Ce spectre était debout à droite de Nemrod.
Nemrod, foulant aux pieds la tiare et l’éphod,
Avait atteint, béni du scribe et de l’augure,
Le sommet sombre où l’homme en dieu se transfigure.
Il avait pour ministre un eunuque nommé
Zaïm, et vivait seul, dans sa tour enfermé.
L’eunuque lui montrait du doigt le mal à faire.
Et Nemrod regardait comme l’aigle en son aire ;
Ses yeux fixes faisaient hurler le léopard.
Quand on disait son nom sur terre quelque part,
La momie ouvrait l’œil dans la grande syringe,
Et les peuples velus à la face de singe
Qui vivent dans des trous à la source du Nil
Tremblaient comme des chiens qui rentrent au chenil.
Les bêtes ne savaient s’il était homme ou bête.
Les hommes sous Nemrod comme sous la tempête
Se courbaient ; il était l’effroi, la mort, l’affront ;
Il avait le baiser de l’horreur sur le front ;
Les prêtres lui disaient: Ô Roi, Dieu vous admire!
Ur lui brûlait l’encens, Tyr lui portait la myrrhe.
Autour du conquérant le jour était obscur.

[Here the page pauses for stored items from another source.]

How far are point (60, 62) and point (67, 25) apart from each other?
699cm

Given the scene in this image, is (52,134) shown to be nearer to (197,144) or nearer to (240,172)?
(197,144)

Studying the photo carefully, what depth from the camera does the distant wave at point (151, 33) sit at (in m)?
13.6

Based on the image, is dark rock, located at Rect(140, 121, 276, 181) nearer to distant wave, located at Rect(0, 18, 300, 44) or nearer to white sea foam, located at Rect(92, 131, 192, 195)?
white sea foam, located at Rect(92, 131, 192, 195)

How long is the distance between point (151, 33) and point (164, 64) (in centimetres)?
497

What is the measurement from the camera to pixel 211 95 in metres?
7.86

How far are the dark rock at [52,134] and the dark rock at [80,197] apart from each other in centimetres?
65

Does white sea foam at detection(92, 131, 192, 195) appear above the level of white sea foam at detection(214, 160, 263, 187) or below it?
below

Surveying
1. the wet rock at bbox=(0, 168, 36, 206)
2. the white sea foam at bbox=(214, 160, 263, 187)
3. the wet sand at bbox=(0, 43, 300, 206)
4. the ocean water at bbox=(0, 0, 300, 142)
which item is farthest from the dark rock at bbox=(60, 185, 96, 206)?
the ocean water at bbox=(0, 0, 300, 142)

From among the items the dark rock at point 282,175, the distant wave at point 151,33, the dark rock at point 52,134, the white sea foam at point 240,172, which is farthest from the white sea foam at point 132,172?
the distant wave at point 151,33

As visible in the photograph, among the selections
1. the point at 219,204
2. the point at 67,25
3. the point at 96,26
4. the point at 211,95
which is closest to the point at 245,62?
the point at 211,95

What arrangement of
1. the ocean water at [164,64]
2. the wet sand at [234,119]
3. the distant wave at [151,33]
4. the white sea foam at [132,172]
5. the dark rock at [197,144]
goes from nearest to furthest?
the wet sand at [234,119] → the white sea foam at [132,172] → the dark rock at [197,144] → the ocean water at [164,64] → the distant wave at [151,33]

Il en avait noirci des deux côtés l’azur ;
À l’orient montait une sombre fumée
De cent villes brûlant dans la plaine enflammée ;
Au couchant, plein de mort, d’ossements, de tombeaux,
S’abattait un essaim immense de corbeaux ;
Et Nemrod contemplait, roi de l’horreur profonde,
Ces deux nuages noirs qu’il faisait sur le monde,
Et les montrait, disant : Nations, venez voir
Mon ombre en même temps sur l’aube et sur le soir.